An undated public notice circulated to Members of County Assembly (MCAs) confirmed the postponement of plenary sittings scheduled for April 28 and 29, citing the inability of the House Business Committee to agree on the agenda for balloting.
Speaker Anne Kiusya indicated in the notice that sittings are expected to resume on May 5, but insiders say the stalemate is far from resolved.
At the centre of the impasse is the controversial Wikwatyo Fund—an initiative being advanced by the county executive and aggressively pushed on the floor by the Majority Leader Nicholas Nzioka since late last year.
Estimated at about KSh 1 billion, the fund is publicly framed as an empowerment programme targeting youth and women groups across the county.
But behind that framing lies a deep and widening divide within the Assembly that sees it as public funds that is slated for campaigns.
A section of MCAs- mainly from Maendeleo Chap Chap and United Democratic Alliance has dug in against attempts to fast-track the fund’s passage, arguing that it is being introduced without a regulatory and governance framework.
The proposal, as presented, lacks provisions for an independent oversight board, operational guidelines, or clear accountability mechanisms governing how the money would be allocated and audited.
For these MCAs, the issue is not the principle of empowerment, but the architecture of control and clear thirst to raid public coffers.
“You cannot appropriate that kind of money on the basis of goodwill,” a source familiar with the committee deliberations said. “Public funds require structure, transparency, and safeguards.”
The standoff has precedent. The Majority Leader’s push to pass the Wikwatyo Fund has repeatedly disrupted House business over the past several months.
Earlier attempts last December collapsed, leading to postponements that ultimately saw the bill lapse—only for it to return in its current, equally contested form- yet its proponents do not want it run within the law.
Critics within the Assembly have also drawn parallels between the proposed fund and the Machakos Youth Service, which has operated without a comprehensive regulatory framework or an independent governing board.
When it was passed, the then Finance Minister Onesmus Kuyu promised to bring its rules for legislation but that has never happened.
That experience, they argue, has already exposed gaps in accountability—gaps they fear could be replicated, or even amplified, under a larger, less structured fund.
Beyond governance concerns, however, a more politically charged accusation has sharpened the conflict.
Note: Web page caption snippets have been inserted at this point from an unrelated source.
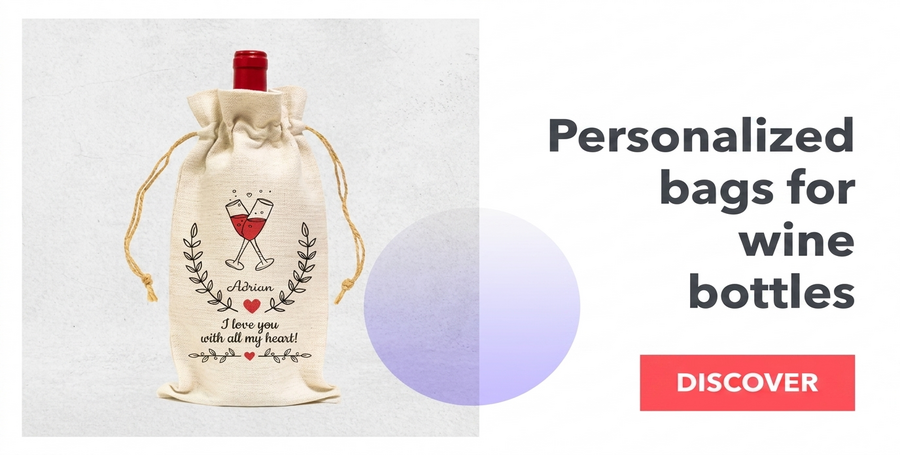 Personalised bags for wine bottles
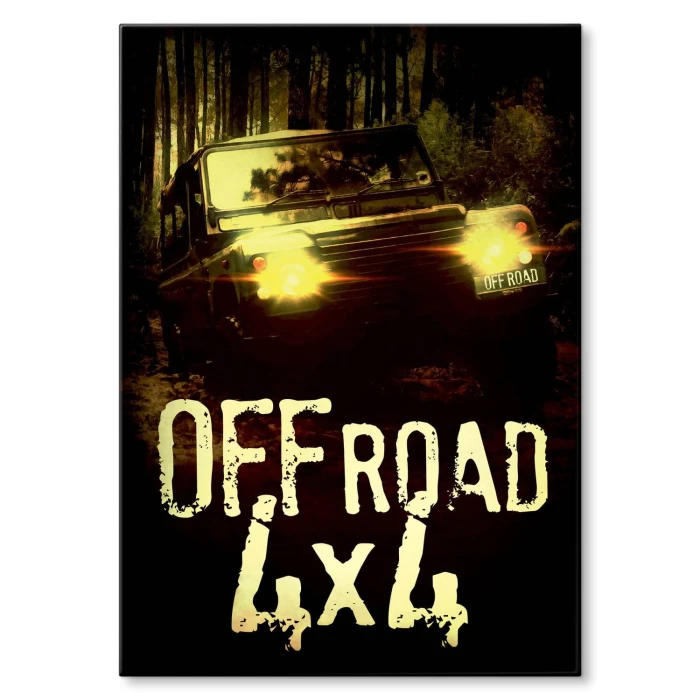Plakat metalowy Off road 4x4 Prezent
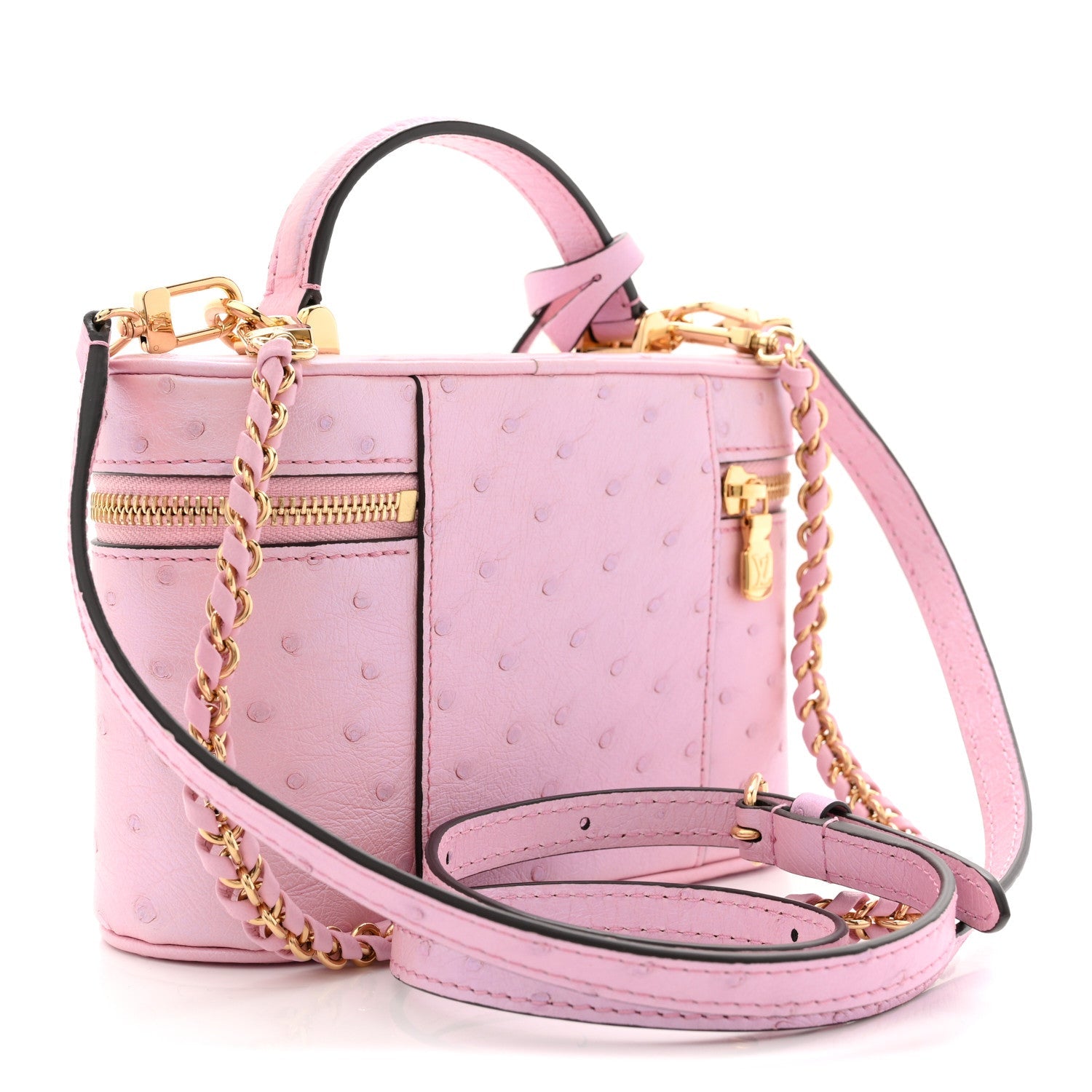 Louis Vuitton Ostrich Vanity Chain Pouch Pink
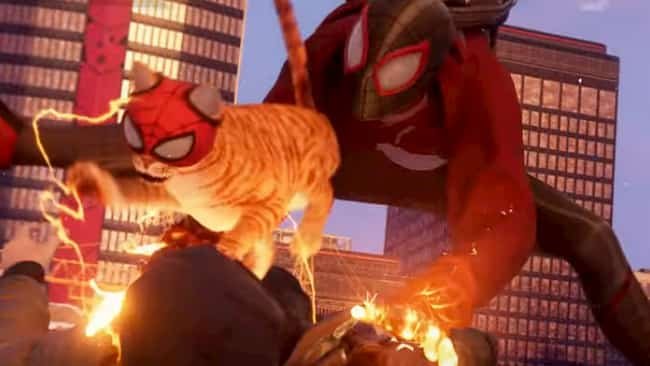 Spider-Man: Miles Morales Will Include Spider-Cat In A Backpack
Now opponents of the Wikwatyo Fund allege that it is designed not just as an empowerment vehicle, but as a political instrument—one that could be used to channel resources toward activities associated with the Wiper Democratic Movement–Kenya within Machakos and potentially beyond.
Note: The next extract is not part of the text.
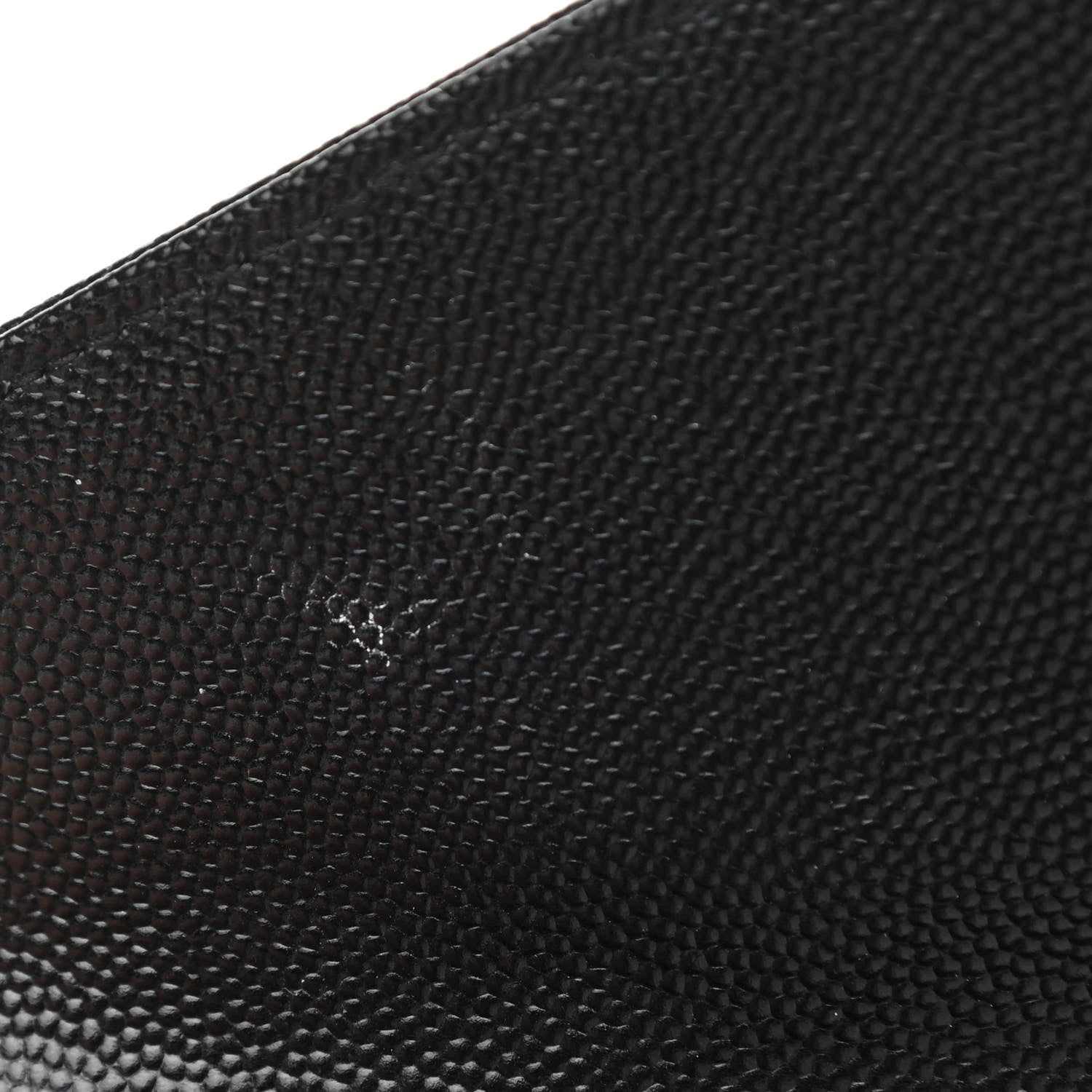 Saint Laurent Grain De Poudre Matelasse Chevron Monogram Monochrome Envelope Chain Wallet Black 11 of 11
The allegation, which supporters of the fund strongly dispute, has nonetheless hardened positions within the Assembly, turning what might have been a policy disagreement into a high-stakes political confrontation.
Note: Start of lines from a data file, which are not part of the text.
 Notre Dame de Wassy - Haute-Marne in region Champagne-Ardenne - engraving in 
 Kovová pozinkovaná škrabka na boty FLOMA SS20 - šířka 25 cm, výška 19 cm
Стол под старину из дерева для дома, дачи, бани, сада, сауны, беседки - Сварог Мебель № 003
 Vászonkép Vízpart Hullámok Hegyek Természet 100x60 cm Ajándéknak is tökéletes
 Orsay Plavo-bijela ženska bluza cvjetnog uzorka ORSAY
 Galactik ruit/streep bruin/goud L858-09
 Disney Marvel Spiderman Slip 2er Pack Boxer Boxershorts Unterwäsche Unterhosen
For those resisting the bill, the fear is that without clear legal guardrails, the fund could evolve into a discretionary pool of money vulnerable to patronage and partisan deployment—undermining both fiscal discipline and institutional integrity.
Supporters, on the other hand, maintain that the resistance is politically motivated and risks denying vulnerable groups access to much-needed financial support.
They argue that empowerment initiatives often require flexibility and that overregulation could stifle their effectiveness.
Caught between these positions is the House Business Committee, whose inability to broker a compromise has effectively shut down the Assembly.
As the body responsible for scheduling legislative business, its deadlock means no motions, bills, or oversight functions can proceed to the floor.
The consequences are immediate and far-reaching.
With plenary sittings suspended, critical legislative processes—including budget approvals, policy debates, and executive oversight—remain in limbo.
The Speaker’s notice, brief and procedural, offers little indication of how or when the underlying dispute will be resolved.
Yet its implications are clear: the Assembly is not merely postponing sittings—it is grappling with a crisis of consensus.
Political observers say the unfolding standoff reflects a broader struggle over control of public resources and the balance of power between the executive and the legislature.
“This is about more than one fund,” one analyst noted. “It is about the rules that govern how money is raised, allocated, and accounted for—and who gets to influence that process.”